In the new CBS show The Great Indoors, an “outdoorsy guy’s guy” played by Joel McHale gets demoted from his manly job as “adventure reporter” (a position I have not seen on the masthead of any magazine, maybe ever?) after an injury, taking a job as social media editor—one of the few positions in media in which women outnumber men. What could be funnier?
The premise of the show seems to be that the work men do at publications is more serious and valuable than the work women do. And that is a pretty harmful starting point, since social media editors already find their work vastly misunderstood. They are both pressured to attract readers and blamed spectacularly when a Facebook post or tweet misfires.
As Alana Hope Levinson pointed out last year in her brilliant essay “The Pink Ghetto of Social Media,” there is a perception that social media is
easier, ‘fluffy,’ and not on par with other editorial roles.
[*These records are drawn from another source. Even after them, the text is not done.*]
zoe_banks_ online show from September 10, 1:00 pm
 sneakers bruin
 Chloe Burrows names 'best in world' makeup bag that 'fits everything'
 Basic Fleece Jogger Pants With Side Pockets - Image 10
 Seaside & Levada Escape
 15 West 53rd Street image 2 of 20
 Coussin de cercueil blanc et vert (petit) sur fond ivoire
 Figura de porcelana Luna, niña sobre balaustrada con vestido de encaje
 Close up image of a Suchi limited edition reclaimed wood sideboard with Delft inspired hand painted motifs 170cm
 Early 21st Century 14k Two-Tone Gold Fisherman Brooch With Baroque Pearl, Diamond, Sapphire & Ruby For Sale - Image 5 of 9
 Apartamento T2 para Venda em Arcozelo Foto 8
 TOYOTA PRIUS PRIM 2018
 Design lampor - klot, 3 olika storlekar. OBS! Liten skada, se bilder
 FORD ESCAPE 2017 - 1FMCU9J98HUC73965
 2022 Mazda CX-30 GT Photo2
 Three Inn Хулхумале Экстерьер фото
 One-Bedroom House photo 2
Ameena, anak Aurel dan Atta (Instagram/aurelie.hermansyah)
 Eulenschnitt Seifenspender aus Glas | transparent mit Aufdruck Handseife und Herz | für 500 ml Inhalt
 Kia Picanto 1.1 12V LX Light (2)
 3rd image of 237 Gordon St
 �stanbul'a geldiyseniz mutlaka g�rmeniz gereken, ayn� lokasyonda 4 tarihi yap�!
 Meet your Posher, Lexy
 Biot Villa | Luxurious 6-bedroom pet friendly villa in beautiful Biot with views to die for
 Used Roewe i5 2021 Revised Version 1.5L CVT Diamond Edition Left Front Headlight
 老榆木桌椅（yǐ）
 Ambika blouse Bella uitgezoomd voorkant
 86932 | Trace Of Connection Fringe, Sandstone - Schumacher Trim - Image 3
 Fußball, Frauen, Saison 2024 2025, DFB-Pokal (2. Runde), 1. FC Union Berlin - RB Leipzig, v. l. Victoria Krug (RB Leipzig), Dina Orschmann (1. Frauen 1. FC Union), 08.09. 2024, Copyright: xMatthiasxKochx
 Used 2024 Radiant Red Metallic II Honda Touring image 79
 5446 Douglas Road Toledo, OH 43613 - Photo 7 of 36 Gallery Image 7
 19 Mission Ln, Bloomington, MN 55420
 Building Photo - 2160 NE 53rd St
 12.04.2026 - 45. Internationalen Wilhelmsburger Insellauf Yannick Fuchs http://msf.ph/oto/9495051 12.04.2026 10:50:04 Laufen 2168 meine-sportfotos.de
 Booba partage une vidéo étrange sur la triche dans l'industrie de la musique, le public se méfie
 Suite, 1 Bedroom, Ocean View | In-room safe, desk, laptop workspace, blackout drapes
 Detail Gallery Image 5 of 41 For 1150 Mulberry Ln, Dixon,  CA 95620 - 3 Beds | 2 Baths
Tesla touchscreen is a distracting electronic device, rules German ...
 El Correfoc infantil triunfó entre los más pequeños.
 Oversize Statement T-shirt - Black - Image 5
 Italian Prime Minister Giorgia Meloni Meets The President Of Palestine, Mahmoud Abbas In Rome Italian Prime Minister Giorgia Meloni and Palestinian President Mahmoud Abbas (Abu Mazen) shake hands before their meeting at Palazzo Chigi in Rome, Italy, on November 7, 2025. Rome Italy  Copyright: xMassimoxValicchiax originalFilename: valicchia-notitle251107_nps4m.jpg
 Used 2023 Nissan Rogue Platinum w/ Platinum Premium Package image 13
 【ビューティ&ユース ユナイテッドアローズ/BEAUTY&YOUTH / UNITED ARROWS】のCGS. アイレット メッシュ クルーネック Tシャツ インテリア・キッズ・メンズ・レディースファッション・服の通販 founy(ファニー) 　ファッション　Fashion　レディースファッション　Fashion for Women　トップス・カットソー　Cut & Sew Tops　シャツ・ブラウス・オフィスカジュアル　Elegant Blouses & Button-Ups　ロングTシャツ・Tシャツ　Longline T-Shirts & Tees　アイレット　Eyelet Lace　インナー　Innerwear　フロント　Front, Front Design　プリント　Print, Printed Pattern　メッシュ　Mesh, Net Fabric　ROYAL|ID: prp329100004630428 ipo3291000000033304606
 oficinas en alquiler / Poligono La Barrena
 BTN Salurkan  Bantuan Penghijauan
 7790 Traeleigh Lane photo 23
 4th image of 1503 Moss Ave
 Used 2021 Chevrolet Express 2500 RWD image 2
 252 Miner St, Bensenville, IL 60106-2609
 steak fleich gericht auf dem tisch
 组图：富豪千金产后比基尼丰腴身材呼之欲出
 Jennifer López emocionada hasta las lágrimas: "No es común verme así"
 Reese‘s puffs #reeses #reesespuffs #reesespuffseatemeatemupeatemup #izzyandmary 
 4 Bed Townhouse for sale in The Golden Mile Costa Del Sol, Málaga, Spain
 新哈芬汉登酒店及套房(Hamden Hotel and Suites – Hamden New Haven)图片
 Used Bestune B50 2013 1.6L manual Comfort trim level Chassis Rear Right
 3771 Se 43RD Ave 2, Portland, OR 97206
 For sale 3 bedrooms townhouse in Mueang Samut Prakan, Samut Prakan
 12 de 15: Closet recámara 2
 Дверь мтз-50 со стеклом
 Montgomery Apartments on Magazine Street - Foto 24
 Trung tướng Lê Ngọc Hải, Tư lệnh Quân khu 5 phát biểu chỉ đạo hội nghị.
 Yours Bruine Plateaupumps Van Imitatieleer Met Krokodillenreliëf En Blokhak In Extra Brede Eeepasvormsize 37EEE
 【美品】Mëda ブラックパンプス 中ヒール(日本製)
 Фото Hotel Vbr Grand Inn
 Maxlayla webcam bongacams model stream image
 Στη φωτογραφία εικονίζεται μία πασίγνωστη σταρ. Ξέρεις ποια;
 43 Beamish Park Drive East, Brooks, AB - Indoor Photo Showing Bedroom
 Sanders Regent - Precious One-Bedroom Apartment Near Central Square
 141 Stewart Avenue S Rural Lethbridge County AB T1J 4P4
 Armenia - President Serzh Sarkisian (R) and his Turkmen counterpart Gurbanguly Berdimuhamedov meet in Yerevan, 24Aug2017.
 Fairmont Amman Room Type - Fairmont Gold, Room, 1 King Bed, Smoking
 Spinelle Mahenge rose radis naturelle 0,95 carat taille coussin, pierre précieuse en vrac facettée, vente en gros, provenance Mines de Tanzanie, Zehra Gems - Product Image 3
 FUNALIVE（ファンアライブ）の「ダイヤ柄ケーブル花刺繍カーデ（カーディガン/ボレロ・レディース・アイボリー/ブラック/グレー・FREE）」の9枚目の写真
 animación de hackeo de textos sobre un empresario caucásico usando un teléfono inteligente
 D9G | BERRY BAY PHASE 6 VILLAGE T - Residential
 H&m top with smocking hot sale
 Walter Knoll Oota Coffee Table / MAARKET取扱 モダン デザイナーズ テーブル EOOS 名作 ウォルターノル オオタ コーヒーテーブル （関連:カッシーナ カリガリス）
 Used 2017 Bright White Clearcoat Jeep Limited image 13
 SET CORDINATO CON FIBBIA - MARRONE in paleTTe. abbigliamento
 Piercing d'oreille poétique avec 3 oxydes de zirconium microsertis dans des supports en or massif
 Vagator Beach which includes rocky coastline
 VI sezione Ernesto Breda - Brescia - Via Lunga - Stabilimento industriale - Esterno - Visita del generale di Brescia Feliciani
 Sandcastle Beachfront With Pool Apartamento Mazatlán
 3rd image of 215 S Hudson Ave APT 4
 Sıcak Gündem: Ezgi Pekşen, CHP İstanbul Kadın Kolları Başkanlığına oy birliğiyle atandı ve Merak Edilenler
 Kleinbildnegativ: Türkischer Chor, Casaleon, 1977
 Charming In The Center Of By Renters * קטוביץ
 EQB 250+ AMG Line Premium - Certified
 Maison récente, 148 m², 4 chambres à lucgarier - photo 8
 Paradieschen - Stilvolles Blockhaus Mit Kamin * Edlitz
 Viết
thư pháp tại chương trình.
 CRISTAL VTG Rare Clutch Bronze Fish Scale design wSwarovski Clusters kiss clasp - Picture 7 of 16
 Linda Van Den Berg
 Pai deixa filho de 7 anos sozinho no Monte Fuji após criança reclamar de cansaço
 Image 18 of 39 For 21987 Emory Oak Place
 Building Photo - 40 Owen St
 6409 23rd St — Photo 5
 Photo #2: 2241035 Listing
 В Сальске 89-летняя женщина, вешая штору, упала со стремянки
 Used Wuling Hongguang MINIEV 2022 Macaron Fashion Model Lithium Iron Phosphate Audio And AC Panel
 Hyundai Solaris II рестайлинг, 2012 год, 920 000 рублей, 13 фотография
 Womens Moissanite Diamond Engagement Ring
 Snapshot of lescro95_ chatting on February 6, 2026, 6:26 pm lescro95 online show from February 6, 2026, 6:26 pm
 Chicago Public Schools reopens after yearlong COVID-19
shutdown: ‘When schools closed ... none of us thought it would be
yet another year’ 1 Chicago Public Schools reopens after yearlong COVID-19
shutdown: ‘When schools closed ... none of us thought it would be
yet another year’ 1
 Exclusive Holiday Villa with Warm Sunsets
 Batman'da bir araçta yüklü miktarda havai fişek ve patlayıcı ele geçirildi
Even though it’s no secret that social media is critical to the current business models, one woman who works as a social media editor in news thinks “the position is always gonna be viewed as some dumb 20-year-old woman job.”
The idea of a TV show about social media is a uniquely dispiriting one—will we get to see close-ups of McHale’s charmingly inept tweets?
Someone who wanted to make a show about social media editors would find more interesting material if they actually thought for a moment about the contradictions of the pink ghetto.